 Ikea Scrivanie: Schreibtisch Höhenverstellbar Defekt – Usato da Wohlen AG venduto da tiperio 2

==

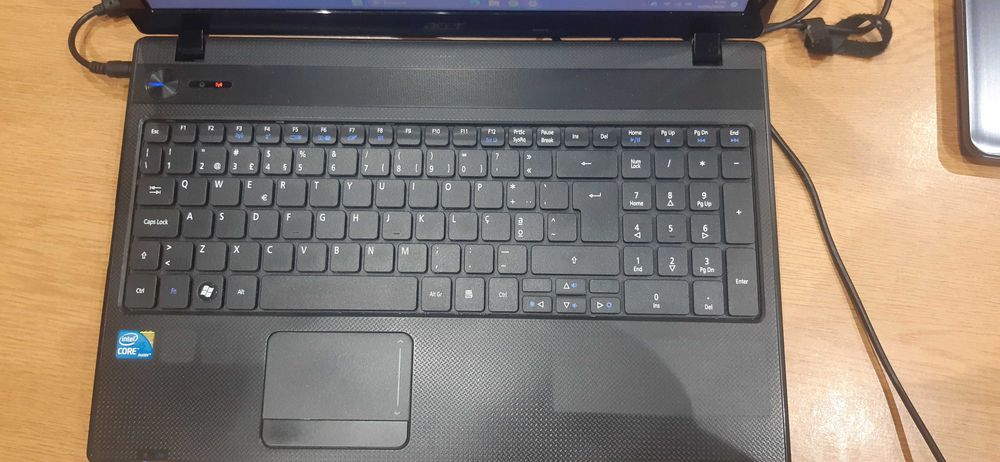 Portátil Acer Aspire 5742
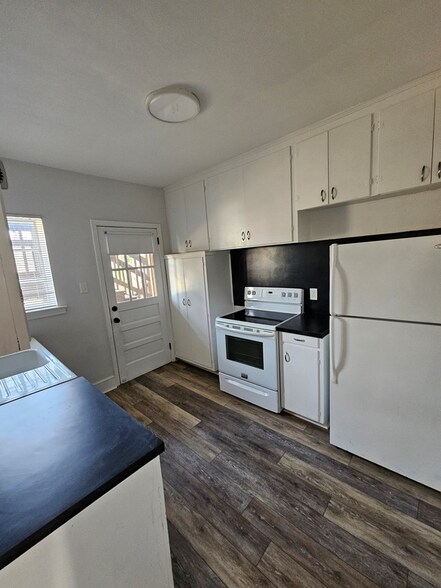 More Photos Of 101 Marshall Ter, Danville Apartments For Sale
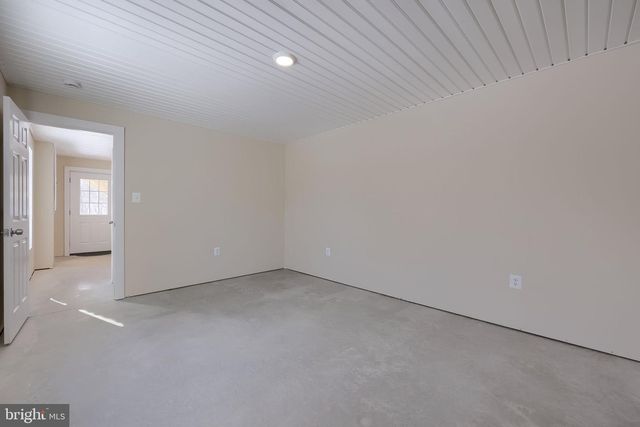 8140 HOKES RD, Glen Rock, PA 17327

==

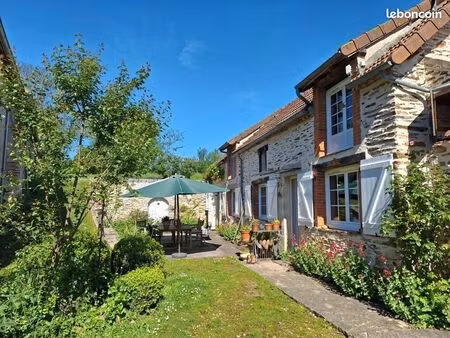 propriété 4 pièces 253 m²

■ Work item ■
Retype, exactly and with no pictures, everything above from the line with "More Photos Of" down to the line with "8140 HOKES RD, Glen Rock, PA 17327", both included.

■ Answer below ■
 More Photos Of 101 Marshall Ter, Danville Apartments For Sale
 8140 HOKES RD, Glen Rock, PA 17327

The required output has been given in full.